Far from negative criticism, Moers offers that Austen's treatment of money as an important part of a woman's chances in society is actually Austen's way to voice her social outcry against the inequality of social rights for women. An early feminist, Austen does not openly shout out in angst against the unfair role of women within society, but she denotes in her novels, with strong detail, that money is, quite clearly and realistically, the ticket to buy their way into it. This is not a bad connotation about women but a realistic account of how the changing times continued to leave women behind during Austen's time.
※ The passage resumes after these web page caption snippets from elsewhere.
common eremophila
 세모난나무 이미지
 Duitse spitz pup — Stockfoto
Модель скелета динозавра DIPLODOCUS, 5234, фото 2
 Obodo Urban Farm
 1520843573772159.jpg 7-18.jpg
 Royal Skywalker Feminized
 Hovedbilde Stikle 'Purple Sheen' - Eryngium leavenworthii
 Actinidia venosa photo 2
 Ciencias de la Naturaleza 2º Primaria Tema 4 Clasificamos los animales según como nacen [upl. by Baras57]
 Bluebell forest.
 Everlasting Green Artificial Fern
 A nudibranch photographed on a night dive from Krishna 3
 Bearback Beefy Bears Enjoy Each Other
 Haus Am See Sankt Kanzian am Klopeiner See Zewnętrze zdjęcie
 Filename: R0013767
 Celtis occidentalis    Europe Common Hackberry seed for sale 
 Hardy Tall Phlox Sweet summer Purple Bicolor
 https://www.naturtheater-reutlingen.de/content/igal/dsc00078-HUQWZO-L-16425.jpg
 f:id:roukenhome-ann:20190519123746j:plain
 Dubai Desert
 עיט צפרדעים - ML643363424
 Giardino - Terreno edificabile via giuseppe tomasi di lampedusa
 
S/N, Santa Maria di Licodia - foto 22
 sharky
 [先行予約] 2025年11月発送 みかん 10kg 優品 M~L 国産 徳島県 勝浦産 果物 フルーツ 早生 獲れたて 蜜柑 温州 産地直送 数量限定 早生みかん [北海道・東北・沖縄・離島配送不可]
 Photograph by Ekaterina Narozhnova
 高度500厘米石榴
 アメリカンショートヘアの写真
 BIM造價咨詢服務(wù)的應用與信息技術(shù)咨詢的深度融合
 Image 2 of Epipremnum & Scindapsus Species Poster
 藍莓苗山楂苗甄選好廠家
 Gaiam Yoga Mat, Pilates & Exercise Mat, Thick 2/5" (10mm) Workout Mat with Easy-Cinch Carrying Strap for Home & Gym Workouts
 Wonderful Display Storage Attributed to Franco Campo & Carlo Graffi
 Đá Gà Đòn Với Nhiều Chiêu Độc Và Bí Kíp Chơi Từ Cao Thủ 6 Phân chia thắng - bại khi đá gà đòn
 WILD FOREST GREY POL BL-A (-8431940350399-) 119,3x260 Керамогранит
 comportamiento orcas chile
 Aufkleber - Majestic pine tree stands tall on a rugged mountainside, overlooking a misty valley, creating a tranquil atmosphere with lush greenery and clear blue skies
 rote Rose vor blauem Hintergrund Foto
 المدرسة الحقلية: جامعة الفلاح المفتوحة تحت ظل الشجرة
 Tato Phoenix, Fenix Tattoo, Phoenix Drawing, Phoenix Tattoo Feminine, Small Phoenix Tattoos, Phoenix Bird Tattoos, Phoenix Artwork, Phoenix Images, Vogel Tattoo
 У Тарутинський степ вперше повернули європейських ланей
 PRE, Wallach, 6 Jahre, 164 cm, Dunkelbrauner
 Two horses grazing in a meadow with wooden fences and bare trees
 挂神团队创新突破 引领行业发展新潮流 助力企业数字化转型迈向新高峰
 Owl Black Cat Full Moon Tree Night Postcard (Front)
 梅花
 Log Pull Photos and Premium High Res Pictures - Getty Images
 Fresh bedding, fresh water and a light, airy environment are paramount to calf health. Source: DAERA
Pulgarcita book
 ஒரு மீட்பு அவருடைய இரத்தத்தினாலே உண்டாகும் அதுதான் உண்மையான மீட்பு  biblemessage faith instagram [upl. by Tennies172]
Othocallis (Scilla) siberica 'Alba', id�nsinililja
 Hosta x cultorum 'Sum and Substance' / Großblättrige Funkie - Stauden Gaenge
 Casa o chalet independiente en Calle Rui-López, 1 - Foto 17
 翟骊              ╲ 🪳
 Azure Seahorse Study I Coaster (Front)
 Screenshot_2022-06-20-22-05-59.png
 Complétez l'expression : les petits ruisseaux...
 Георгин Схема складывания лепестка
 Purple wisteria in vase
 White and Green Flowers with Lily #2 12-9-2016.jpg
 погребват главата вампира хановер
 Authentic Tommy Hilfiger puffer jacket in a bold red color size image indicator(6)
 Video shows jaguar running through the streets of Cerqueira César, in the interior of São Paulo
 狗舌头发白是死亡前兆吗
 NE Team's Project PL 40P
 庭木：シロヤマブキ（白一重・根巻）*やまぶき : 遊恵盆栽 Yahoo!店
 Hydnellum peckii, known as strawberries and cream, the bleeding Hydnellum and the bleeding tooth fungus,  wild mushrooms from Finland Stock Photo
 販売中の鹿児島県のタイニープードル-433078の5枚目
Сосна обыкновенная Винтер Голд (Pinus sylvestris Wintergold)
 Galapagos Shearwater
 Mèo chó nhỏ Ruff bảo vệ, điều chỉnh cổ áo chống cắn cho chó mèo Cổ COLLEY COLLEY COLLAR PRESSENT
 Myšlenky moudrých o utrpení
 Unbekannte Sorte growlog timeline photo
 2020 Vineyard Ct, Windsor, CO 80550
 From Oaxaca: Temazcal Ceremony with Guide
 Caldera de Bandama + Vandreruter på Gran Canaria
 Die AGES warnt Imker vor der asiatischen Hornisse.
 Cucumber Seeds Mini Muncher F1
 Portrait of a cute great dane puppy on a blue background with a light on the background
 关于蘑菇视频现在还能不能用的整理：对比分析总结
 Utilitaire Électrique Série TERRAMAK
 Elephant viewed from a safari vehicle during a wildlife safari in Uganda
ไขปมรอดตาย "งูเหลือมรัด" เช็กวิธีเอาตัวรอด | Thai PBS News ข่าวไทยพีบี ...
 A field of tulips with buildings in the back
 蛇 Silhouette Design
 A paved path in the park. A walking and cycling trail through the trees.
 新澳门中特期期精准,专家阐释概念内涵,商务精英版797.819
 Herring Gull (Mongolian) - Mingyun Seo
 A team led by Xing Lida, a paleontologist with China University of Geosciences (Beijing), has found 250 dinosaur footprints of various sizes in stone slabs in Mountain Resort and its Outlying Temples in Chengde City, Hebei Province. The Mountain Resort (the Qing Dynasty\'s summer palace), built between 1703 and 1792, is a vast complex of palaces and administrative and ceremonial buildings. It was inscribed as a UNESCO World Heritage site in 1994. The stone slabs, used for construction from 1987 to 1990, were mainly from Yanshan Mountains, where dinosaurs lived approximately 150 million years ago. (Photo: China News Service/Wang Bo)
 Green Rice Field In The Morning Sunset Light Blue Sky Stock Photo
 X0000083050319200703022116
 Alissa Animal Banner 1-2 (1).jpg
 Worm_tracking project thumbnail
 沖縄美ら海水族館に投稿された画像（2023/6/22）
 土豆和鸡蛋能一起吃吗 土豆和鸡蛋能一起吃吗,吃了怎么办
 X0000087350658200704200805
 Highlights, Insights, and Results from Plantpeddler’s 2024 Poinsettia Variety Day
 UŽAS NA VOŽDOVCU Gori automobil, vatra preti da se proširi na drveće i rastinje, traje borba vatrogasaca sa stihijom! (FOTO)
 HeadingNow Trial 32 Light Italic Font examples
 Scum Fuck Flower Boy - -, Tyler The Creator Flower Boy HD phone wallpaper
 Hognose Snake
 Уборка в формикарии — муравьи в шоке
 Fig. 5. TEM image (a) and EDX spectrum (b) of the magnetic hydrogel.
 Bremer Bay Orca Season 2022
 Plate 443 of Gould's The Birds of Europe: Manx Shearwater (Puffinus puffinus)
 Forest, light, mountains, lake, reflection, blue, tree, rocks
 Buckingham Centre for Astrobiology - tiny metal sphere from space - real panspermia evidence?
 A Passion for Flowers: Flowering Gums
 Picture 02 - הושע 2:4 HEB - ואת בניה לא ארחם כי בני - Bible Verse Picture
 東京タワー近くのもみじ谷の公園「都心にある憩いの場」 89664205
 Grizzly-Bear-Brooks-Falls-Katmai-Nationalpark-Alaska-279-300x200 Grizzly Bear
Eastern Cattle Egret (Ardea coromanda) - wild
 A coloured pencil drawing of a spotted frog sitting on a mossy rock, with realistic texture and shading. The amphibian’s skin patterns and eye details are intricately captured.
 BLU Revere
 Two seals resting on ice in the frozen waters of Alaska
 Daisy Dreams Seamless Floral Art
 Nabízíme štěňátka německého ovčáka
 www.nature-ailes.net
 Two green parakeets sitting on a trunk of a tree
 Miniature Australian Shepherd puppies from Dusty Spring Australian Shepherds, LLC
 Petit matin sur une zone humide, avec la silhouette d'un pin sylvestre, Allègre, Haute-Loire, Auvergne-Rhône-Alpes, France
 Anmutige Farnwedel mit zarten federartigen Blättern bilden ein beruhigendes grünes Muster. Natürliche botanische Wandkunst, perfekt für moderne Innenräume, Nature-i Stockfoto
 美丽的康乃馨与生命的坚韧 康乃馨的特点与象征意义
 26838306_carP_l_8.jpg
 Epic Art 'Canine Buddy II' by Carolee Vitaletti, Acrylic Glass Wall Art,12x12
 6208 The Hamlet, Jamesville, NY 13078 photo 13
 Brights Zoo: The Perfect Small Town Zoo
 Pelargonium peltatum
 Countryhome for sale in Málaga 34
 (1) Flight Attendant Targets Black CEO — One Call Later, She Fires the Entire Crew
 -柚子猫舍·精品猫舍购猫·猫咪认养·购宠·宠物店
The female characters upon which Austen bases her characters are women of her own time and place. This being said, it is safe to assume that her characters have experienced the same social changes that Austen, herself, experienced as a young and adult woman. Concisely, her female characters have presumably witnessed the kingdom of (mad) King George III, the following Regency of the Prince of Wales, the effects of the American Revolution, the shock of the French Revolution, the Napoleonic wars, and the paradigm shifts of the Industrial Revolution along with the influx of the ideas of the Enlightenment period, such as "common sense" and questioning the system.
All these social changes, however, had mainly men, not women, as their epicenters. Men continued to experience changes and the opportunities that changes brought with them. Contrastingly, women continued to be left behind socially, emotionally, and physically, due to the consistent advent of wars and battles.
Hence, what else was left for women, but the unique social opportunity of marrying well, and having some rights of their own through a good marriage? This shows how the importance of money in the lives of Regency women was, unfortunately, quite evident. Jane Austen points this out, not to put out her characters as money-hungry young ladies, but as ladies who understand where they stand. As a result, hoping for a good marriage is the only way that women of limited means could ever hoped to obtain the simple benefits of comfort and, in some cases, even joy.
This latter statement is evident when Moers concludes
What I am suggesting is that Austen's realism in the matter of money was in her case an essentially female phenomenon, the result of her deep concern with the quality of a woman's life in marriage.
If you take many of Jane Austen's heroines especially in Emma and Pride and Prejudice we see the heroines are more concerned towards money, family ranks and social status.
Elizabeth in Pride and Prejudice can be considered as a woman who is matured but she is attracted to Darcy mainly because of the money. If we take the very opening sentence of the novel this fact can be clearly seen. In the case of Emma, the heroine is toomuch interested in money and social customs.